* [Work instructions]:
Write the data out again exactly, with no pictures.

* [Data under study]:

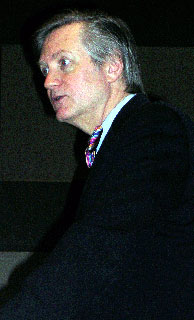 Muhlenberg President Randy
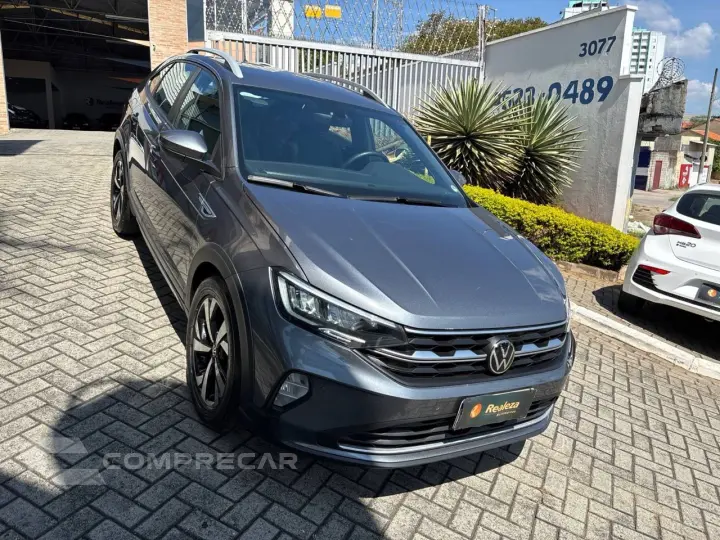 Nivus Highline 1.0 200 TSI Flex Aut.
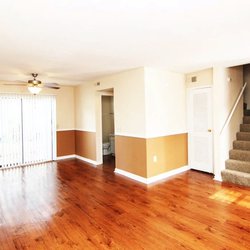 interior view of Lakewood Lodge, located in Hanahan, South Carolina.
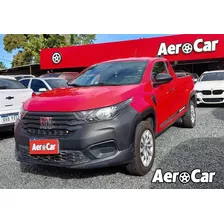 Fiat Strada Nueva Endurance 1.4 2021 Impecable! Aerocar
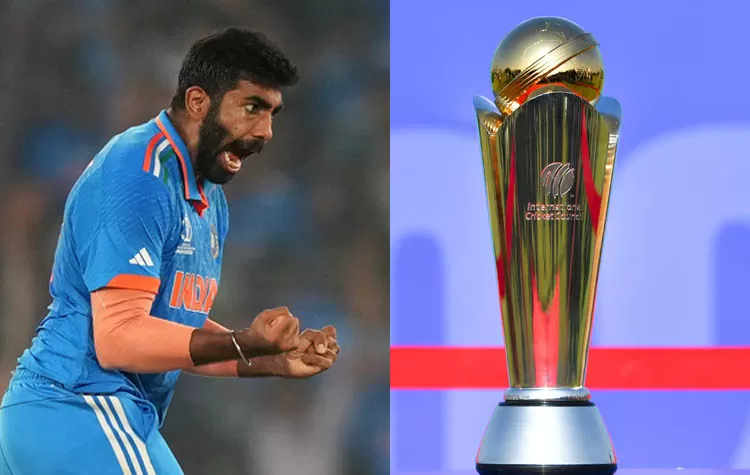 Champions Trophy 2025: Jasprit Bumrah Ruled Out, BCCI Announces India Squad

* [Exercise solution]:
 Muhlenberg President Randy
 Nivus Highline 1.0 200 TSI Flex Aut.
 interior view of Lakewood Lodge, located in Hanahan, South Carolina.
 Fiat Strada Nueva Endurance 1.4 2021 Impecable! Aerocar
 Champions Trophy 2025: Jasprit Bumrah Ruled Out, BCCI Announces India Squad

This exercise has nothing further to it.